START SOURCE DATA

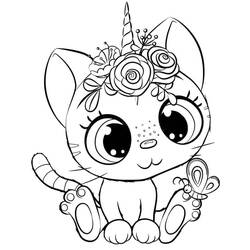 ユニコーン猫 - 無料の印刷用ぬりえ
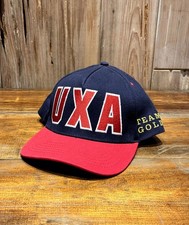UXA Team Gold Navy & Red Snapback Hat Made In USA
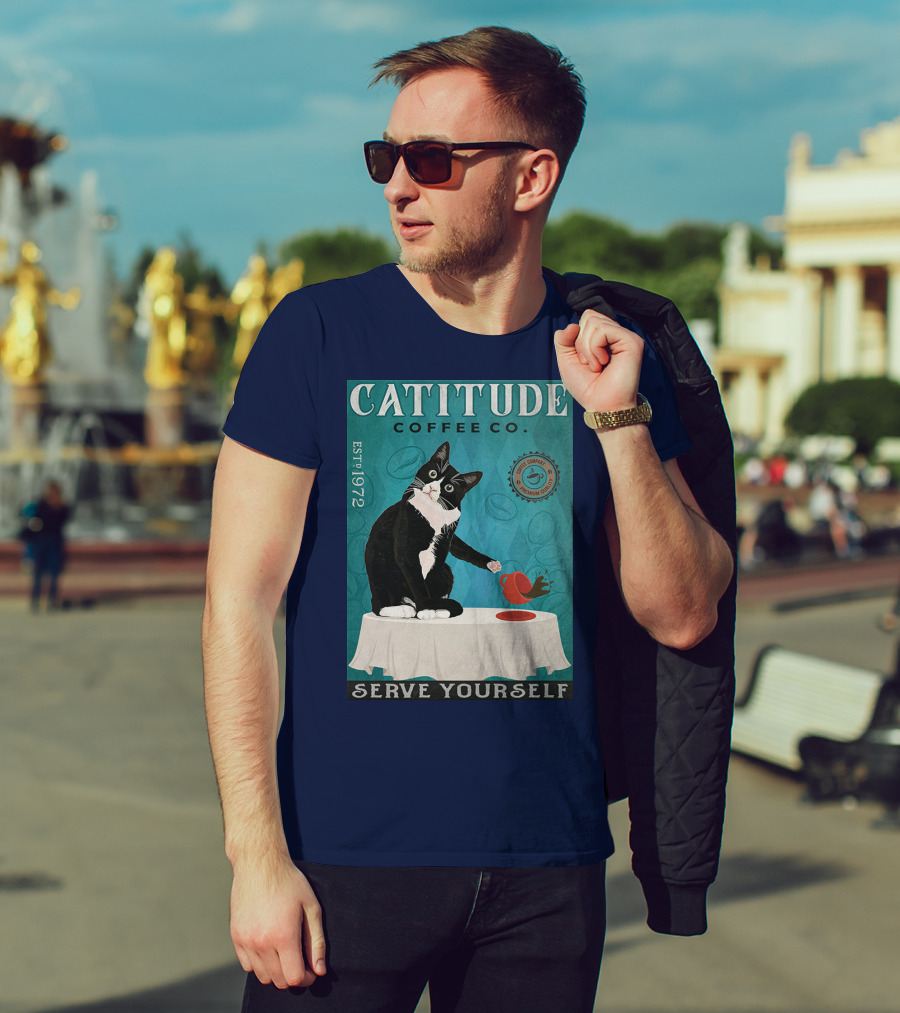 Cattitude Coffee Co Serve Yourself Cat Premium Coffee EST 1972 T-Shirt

END SOURCE DATA
START SOURCE DATA

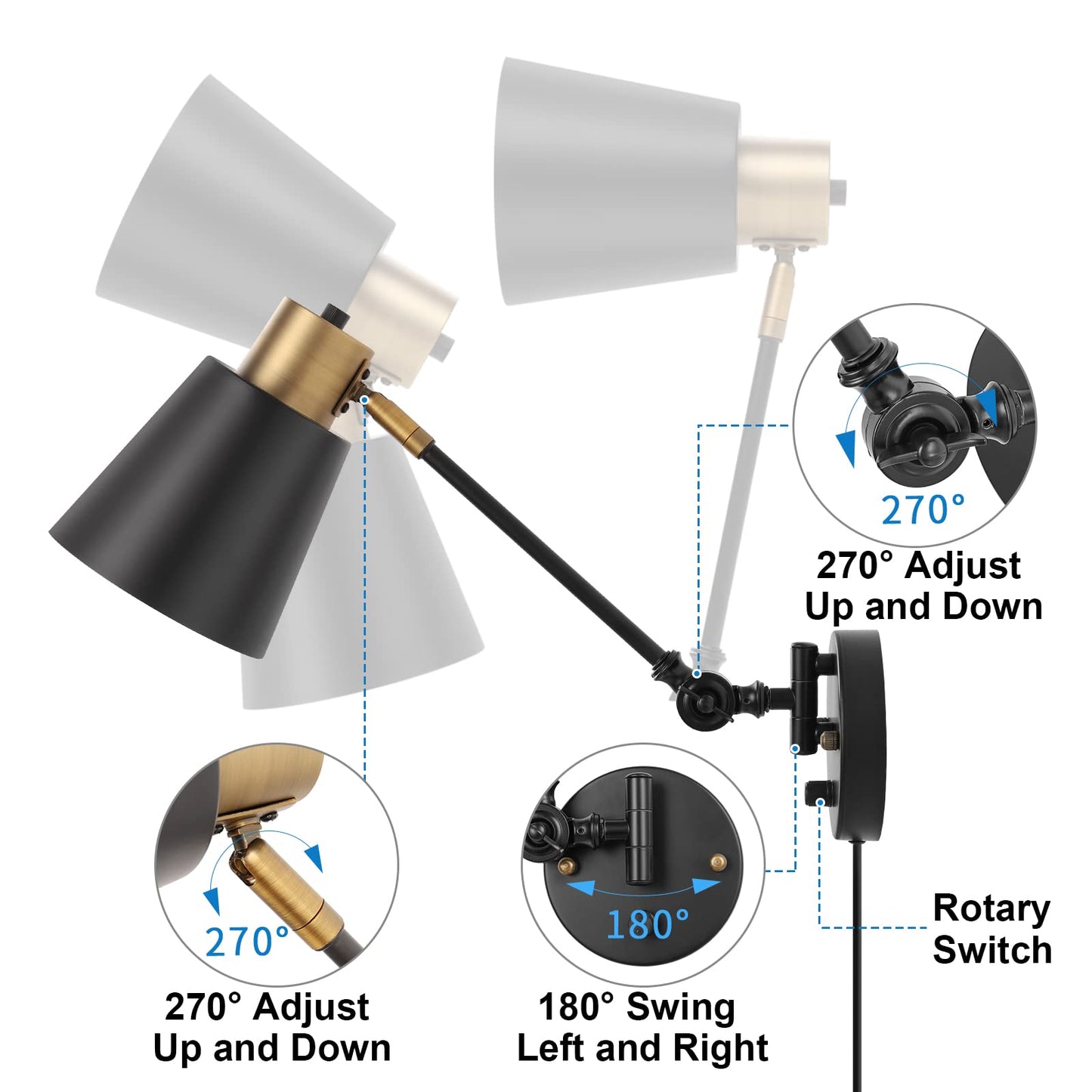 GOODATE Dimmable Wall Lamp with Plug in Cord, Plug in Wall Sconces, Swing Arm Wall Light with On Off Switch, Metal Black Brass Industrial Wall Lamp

END SOURCE DATA

▸ **YOUR INSTRUCTIONS**: Going by the entries above, repeat exactly the lines that start at the line with "UXA Team Gold" and go on through the line with "Cattitude Coffee Co". Pictures are not part of the copy.

▸ **RESPONSE BELOW**:
UXA Team Gold Navy & Red Snapback Hat Made In USA
 Cattitude Coffee Co Serve Yourself Cat Premium Coffee EST 1972 T-Shirt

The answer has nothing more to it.